* [WORK REQUIRED] Output the line containing "Shieldwall! Первый взгляд!" and each line after it through the end of the data, exactly as written, with pictures left out.
---------- THE DATA
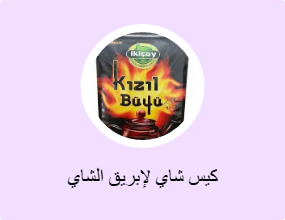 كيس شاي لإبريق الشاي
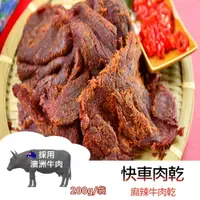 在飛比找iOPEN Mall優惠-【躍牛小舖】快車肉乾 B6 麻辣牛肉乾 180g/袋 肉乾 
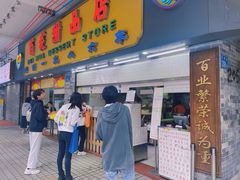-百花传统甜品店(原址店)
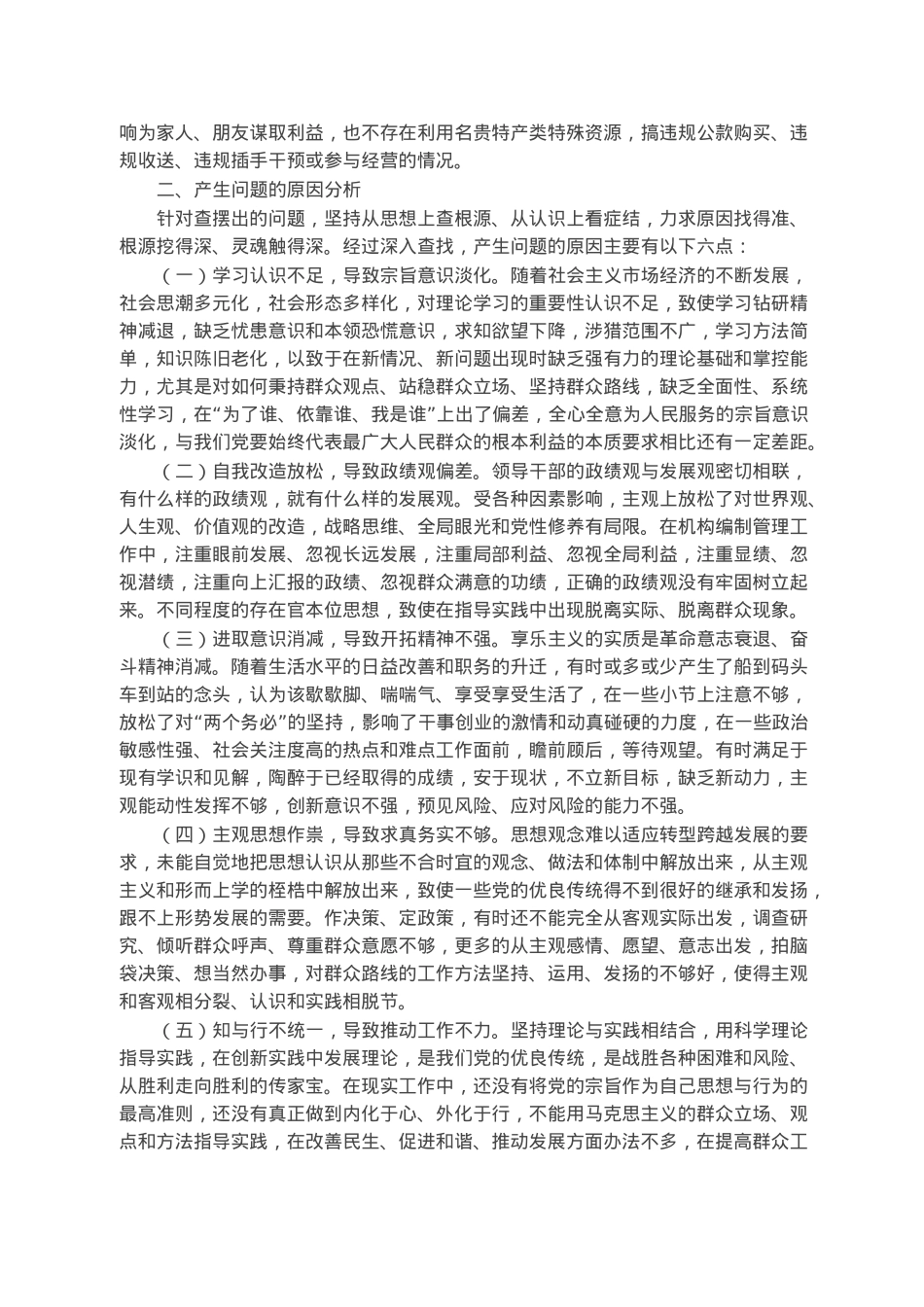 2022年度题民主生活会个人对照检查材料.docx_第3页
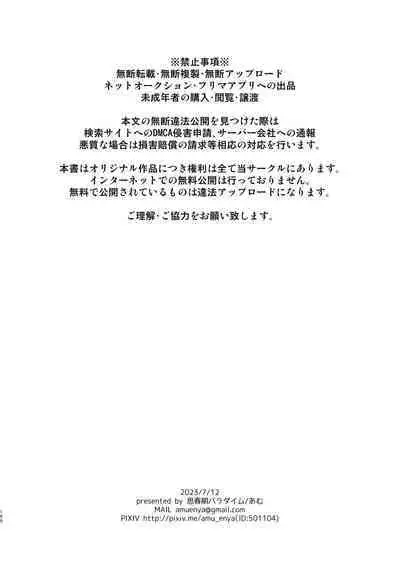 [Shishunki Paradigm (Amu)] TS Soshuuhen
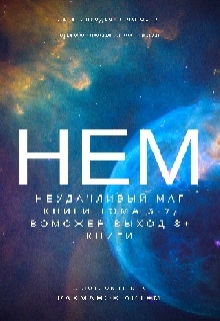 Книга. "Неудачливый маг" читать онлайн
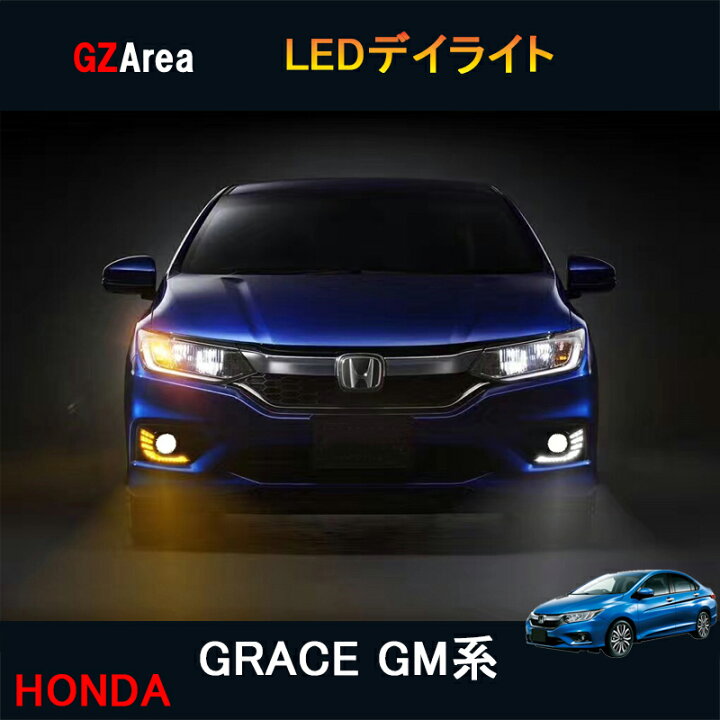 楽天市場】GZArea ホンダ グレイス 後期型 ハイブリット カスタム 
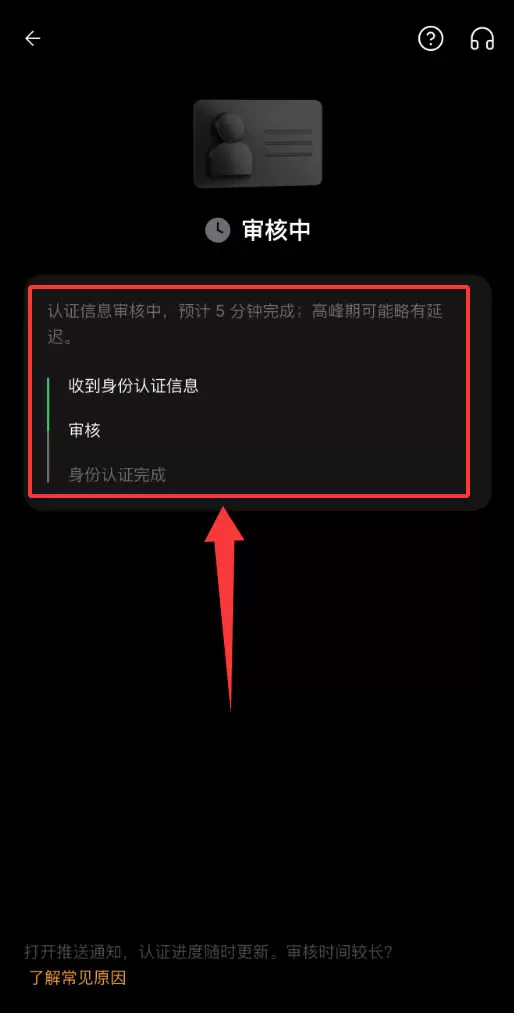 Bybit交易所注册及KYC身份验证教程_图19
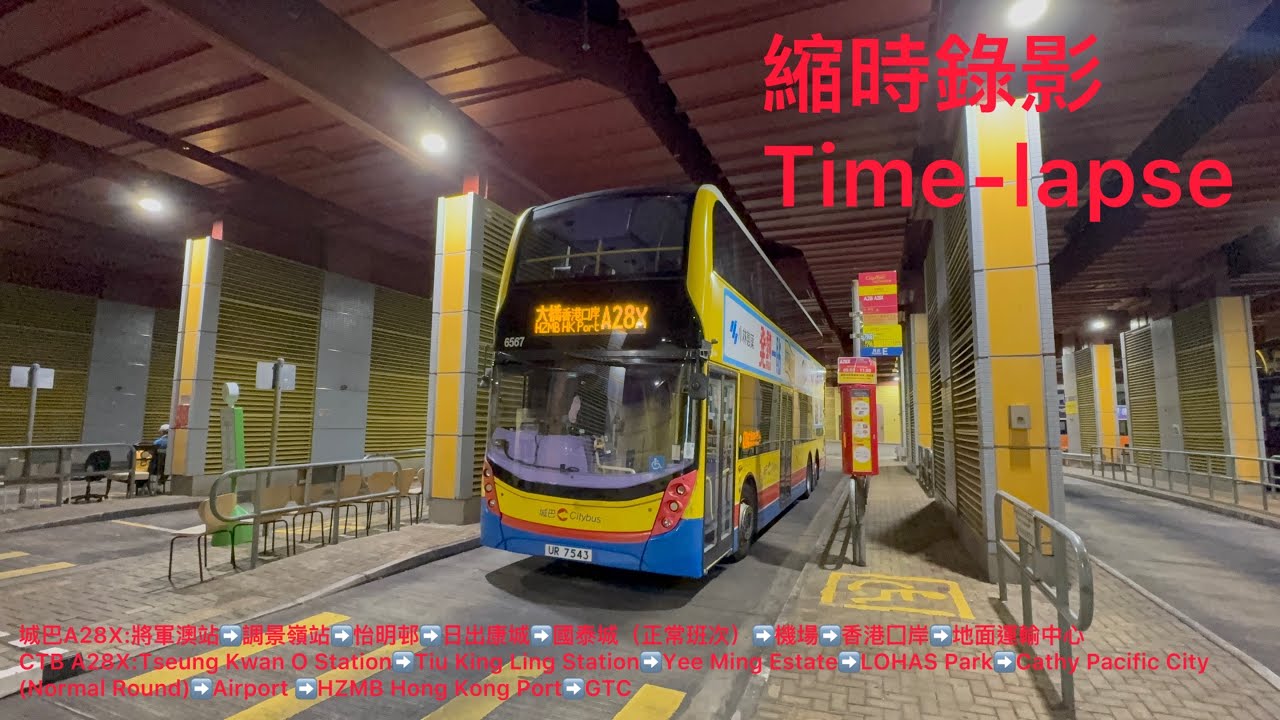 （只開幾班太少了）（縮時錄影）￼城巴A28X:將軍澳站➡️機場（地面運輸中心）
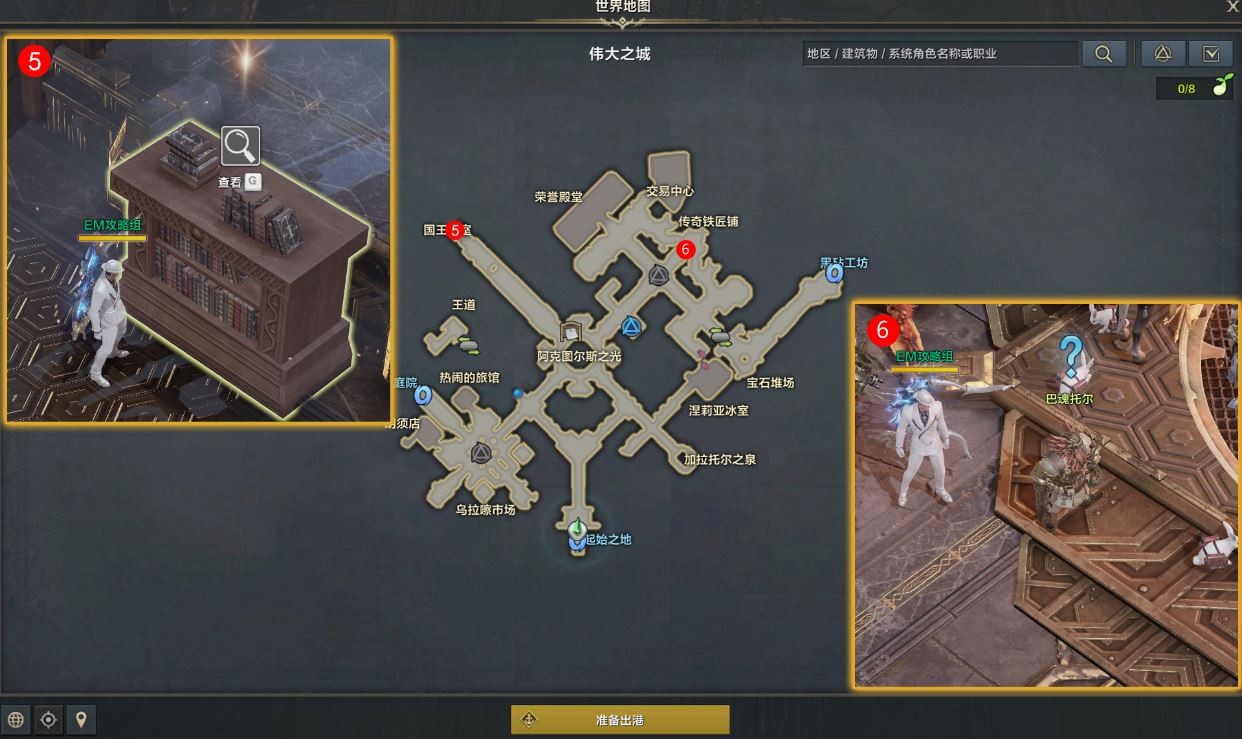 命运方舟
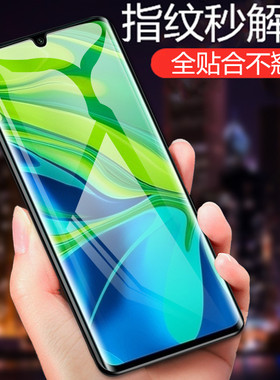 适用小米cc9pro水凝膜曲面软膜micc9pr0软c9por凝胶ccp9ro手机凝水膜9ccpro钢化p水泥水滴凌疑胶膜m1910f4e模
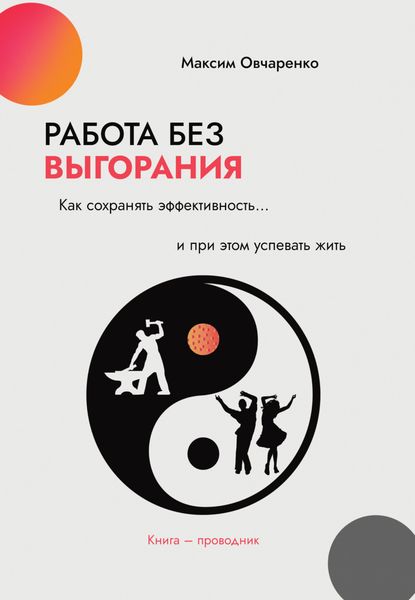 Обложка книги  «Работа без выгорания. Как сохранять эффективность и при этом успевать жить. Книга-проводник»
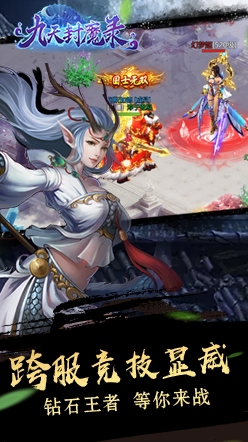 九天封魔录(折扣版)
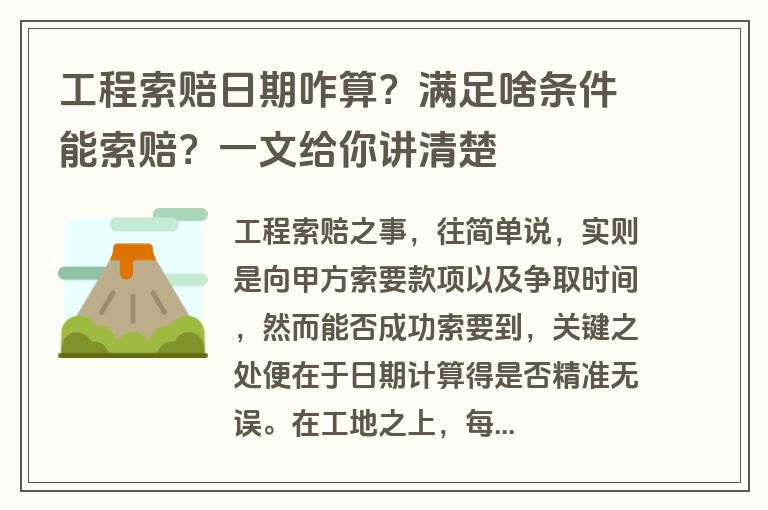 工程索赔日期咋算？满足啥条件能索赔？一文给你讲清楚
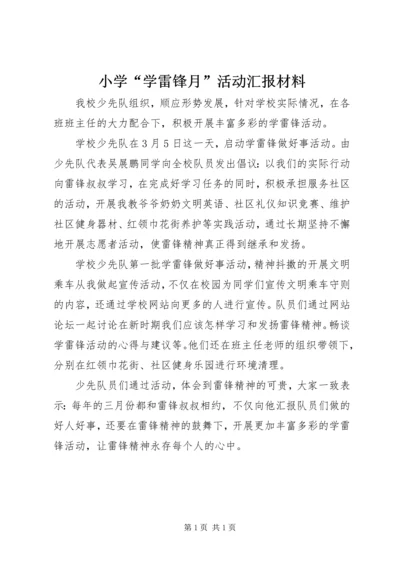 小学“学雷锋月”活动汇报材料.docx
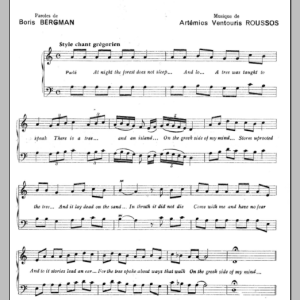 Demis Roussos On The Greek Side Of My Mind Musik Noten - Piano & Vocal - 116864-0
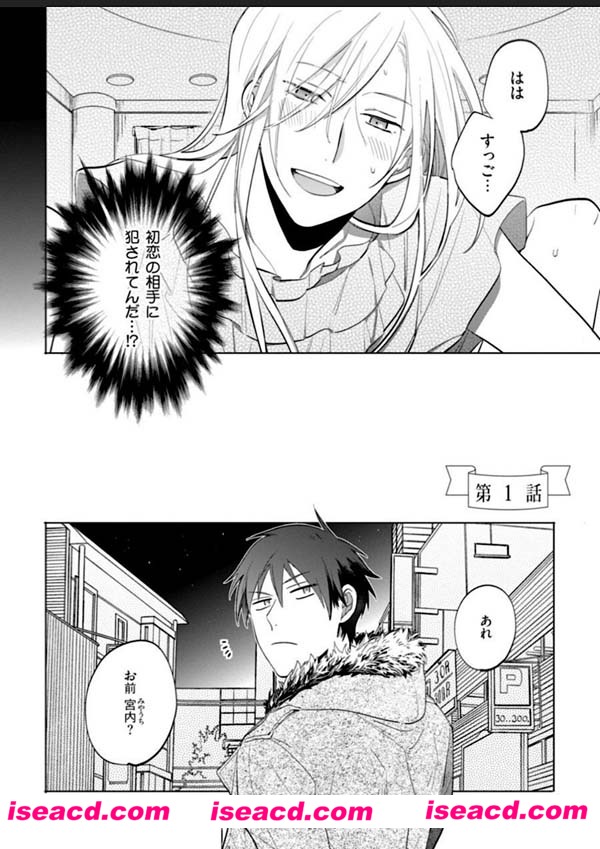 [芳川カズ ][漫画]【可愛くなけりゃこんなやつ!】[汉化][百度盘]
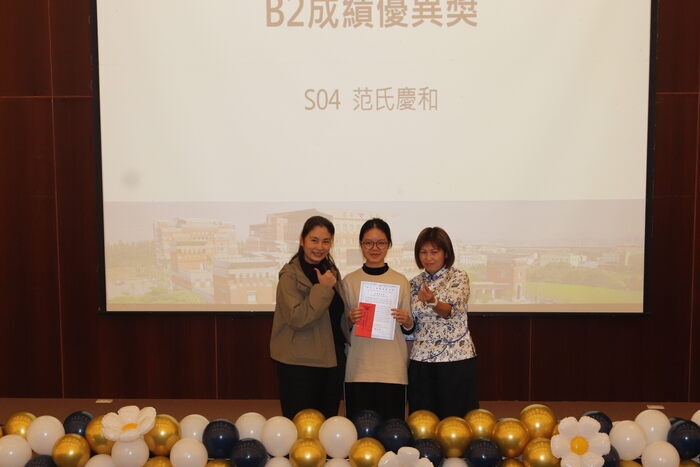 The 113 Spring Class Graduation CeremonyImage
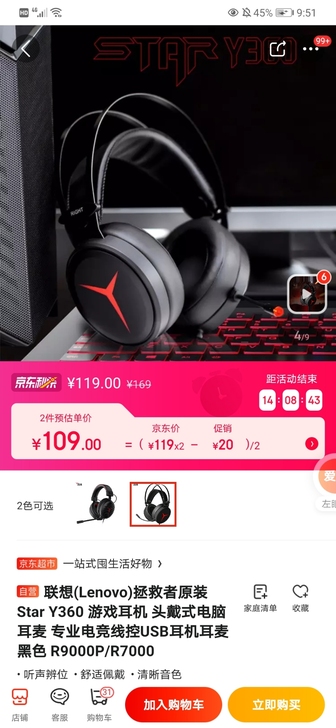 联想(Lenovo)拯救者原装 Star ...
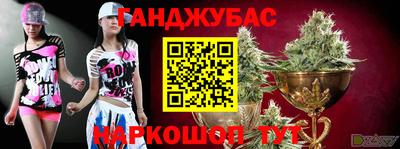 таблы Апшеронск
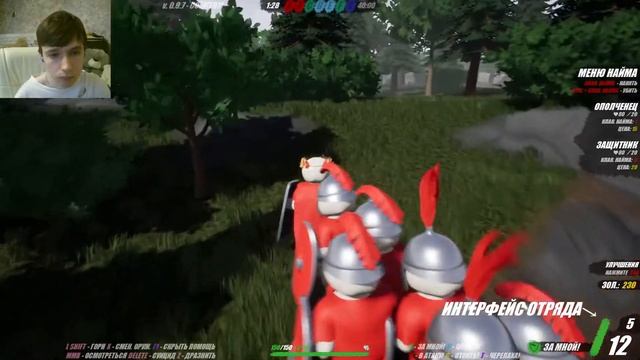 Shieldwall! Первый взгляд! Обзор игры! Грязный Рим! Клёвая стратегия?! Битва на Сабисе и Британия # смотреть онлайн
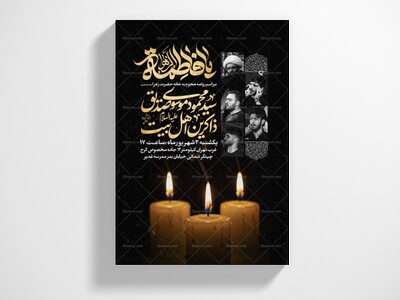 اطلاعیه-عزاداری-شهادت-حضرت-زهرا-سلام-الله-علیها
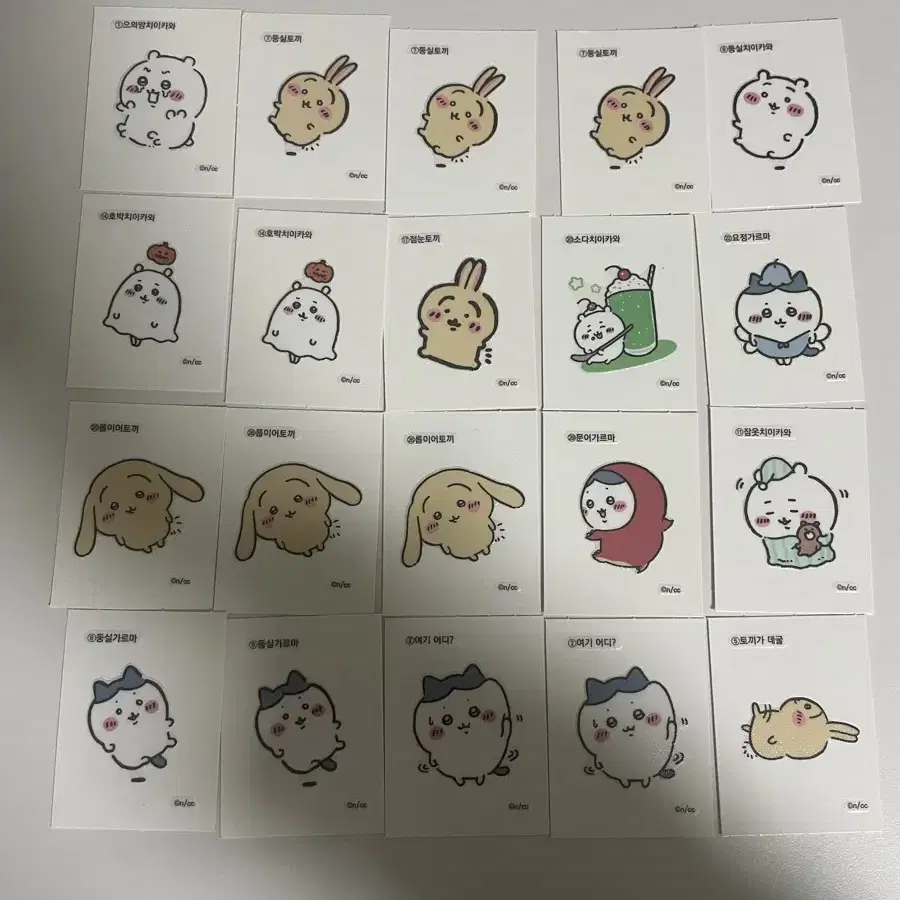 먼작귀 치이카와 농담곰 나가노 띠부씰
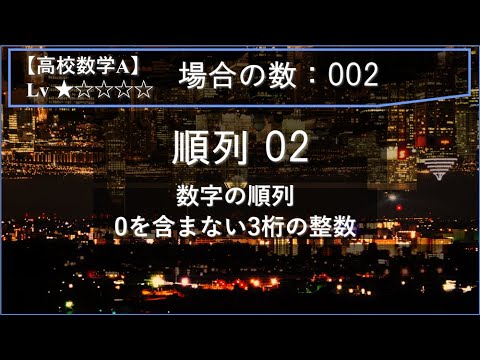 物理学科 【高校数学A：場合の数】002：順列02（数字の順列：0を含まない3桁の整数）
--------------------
* [RESPONSE FOR THIS EXERCISE]
 Shieldwall! Первый взгляд! Обзор игры! Грязный Рим! Клёвая стратегия?! Битва на Сабисе и Британия # смотреть онлайн
 اطلاعیه-عزاداری-شهادت-حضرت-زهرا-سلام-الله-علیها
 먼작귀 치이카와 농담곰 나가노 띠부씰
 物理学科 【高校数学A：場合の数】002：順列02（数字の順列：0を含まない3桁の整数）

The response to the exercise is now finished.